→ **Provided records**
* * *

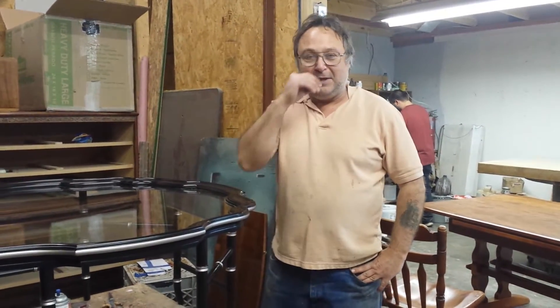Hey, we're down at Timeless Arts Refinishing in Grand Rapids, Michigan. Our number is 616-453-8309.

* * *

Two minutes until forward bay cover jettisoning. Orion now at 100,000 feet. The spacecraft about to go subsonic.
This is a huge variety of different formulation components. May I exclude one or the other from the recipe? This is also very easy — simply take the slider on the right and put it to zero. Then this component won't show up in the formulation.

* * *

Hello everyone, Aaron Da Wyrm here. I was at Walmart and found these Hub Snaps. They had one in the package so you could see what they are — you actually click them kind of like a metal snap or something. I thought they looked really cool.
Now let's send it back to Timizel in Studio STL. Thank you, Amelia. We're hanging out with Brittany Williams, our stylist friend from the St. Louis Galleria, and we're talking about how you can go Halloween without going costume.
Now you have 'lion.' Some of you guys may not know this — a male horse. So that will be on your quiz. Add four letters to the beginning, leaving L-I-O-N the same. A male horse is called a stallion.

* * *

→ **Instructions for the task**
Would you please copy, word for word, everything above from the line containing "Now let's send" down to the line containing "Now you have", those two lines included?

→ **Answer for the task**
Now let's send it back to Timizel in Studio STL. Thank you, Amelia. We're hanging out with Brittany Williams, our stylist friend from the St. Louis Galleria, and we're talking about how you can go Halloween without going costume.
Now you have 'lion.' Some of you guys may not know this — a male horse. So that will be on your quiz. Add four letters to the beginning, leaving L-I-O-N the same. A male horse is called a stallion.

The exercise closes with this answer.